Note 147: [(retour) ]
L'auteur, dans sa grande carte de 1632, la marque comme venant du nord-ouest. Or, dans l'espace d'environ douze lieues à l'ouest du port Fortuné, il n'y a, croyons-nous, qu'une seule rivière qui suive cette direction: c'est celle qui traverse le district de Machpee et se jette dans la baie de Popponesset, La plupart des cartes ne lui assignent aucun nom.
Estant relaschez au port, quelques heures après le fils de Pontgravé appelé Robert, perdit une main en tirant un mousquet qui se creva en plusieurs pièces sans offencer aucun de ceux qui estoient auprès de luy.

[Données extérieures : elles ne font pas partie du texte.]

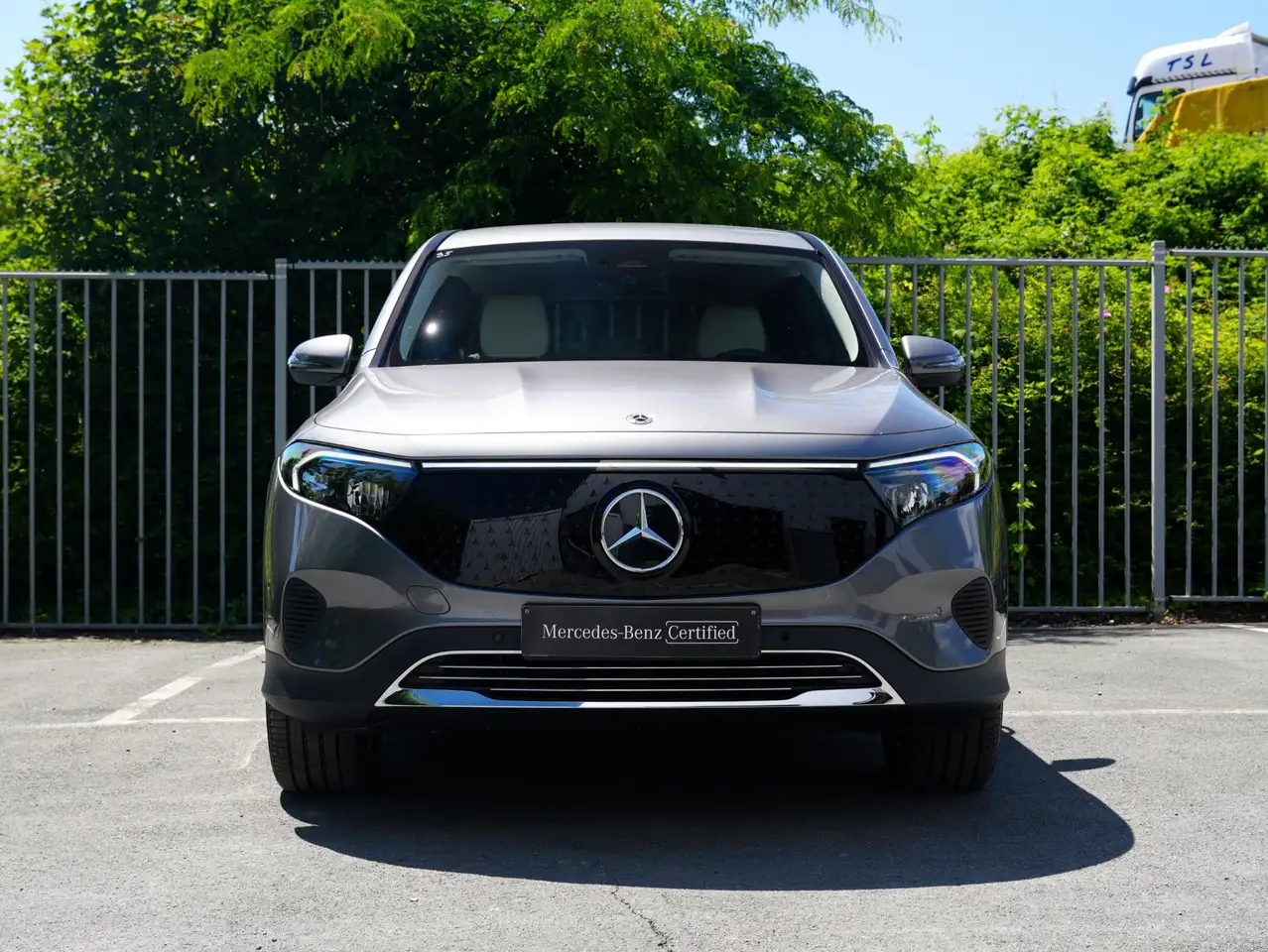Mercedes-Benz EQB 250 4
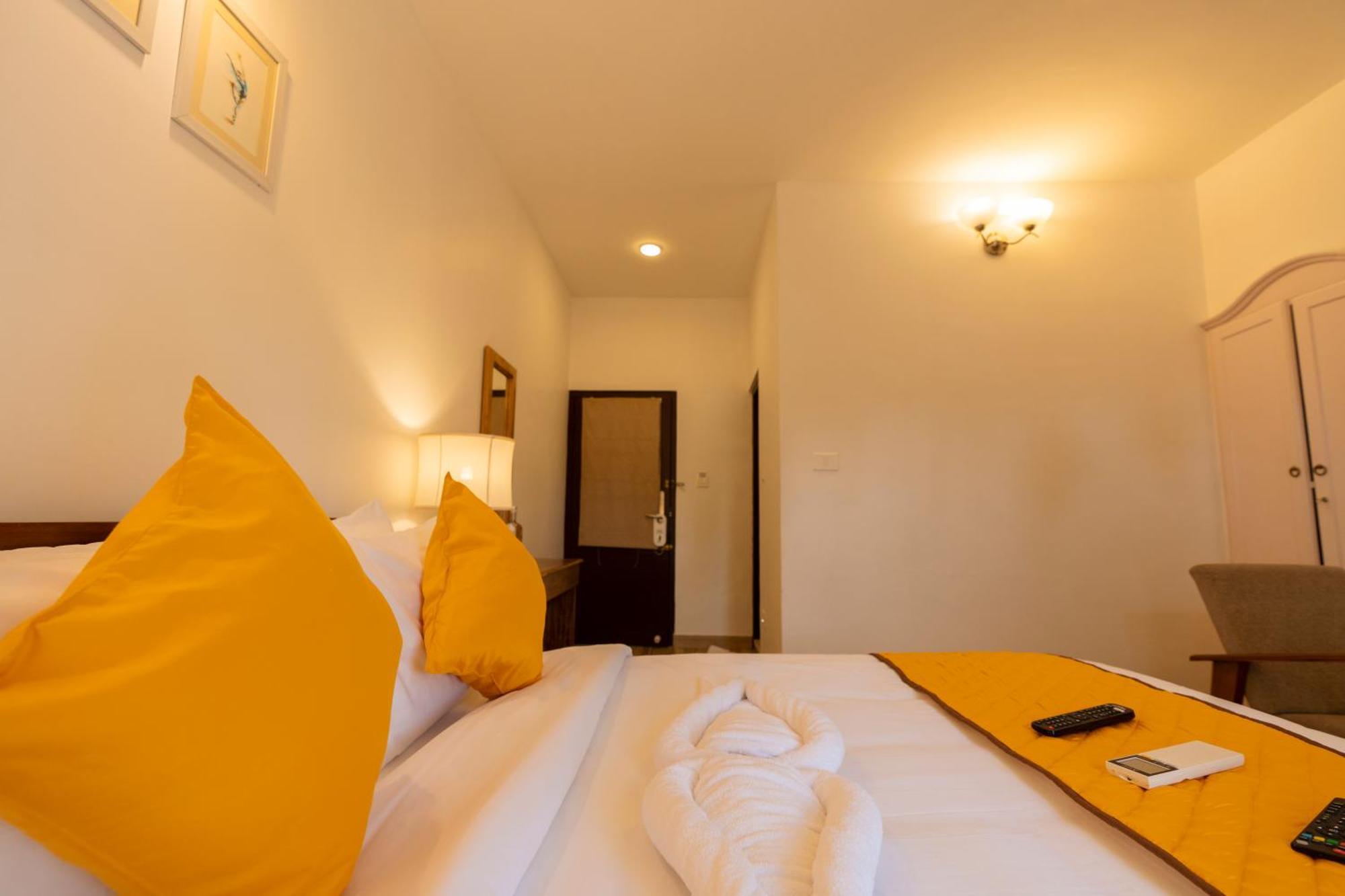 Solo Inn By Hawk Hospitality Kochi Екстериор снимка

Or voyant tousjours le vent contraire & ne nous pouvans mettre en la mer, nous resolumes cependant d'avoir quelques sauvages de ce lieu pour les emmener en nostre habitation & leur faire moudre du bled à un moulin à bras, pour punition de l'assacinat qu'ils avoient commis en la personne de cinq ou six de nos gens: mais que cela se peust faire les armes en la main, il estoit fort malaysé, d'autant que quand on alloit à eux en délibération de se battre, ils prenoient la fuite, & s'en alloient dans les bois, où on ne les pouvoit attraper. Il fallut donc avoir recours aux finesses: & voicy comme nous advisames. Qu'il failloit lors qu'ils viendroient pour rechercher amitié avec nous les amadouer en leur montrant des patinostres & autres bagatelles, & les asseurer plusieurs fois: puis prendre la chalouppe bien armée, & des plus robustes & 110/258forts hommes qu'eussions, avec chacun une chaîne de patinostres & une brasse de mèche au bras, & les mener à terre, où estans, & en faisant semblant de petuner avec eux (chacun ayant un bout de sa mèche allumé, pour ne leur donner soupçon, estant l'ordinaire de porter du feu au bout d'une corde pour allumer le petum) les amadoueroient par douces paroles pour les attirer dans la chalouppe; & que s'ils n'y vouloient entrer, que s'en approchant chacun choisiroit son homme, & en luy mettant les patinostres au col, luy mettroit aussi en mesme temps la corde pour les y tirer par force: Que s'ils tempestoient trop, & qu'on n'en peust venir à bout; tenant bien la corde on les poignarderoit: Et que si d'aventure il en eschapoit quelques uns, il y auroit des hommes à terre pour charger à coups d'espée sur eux: Cependant en nostre barque on tiendroit prestes les petites pièces pour tirer sur leurs compagnons, au cas qu'il en vint les secourir; à la faveur desquelles la chalouppe se pourroit retirer en asseurance. Ce qui fut fort bien exécuté ainsi qu'on l'avoit proposé.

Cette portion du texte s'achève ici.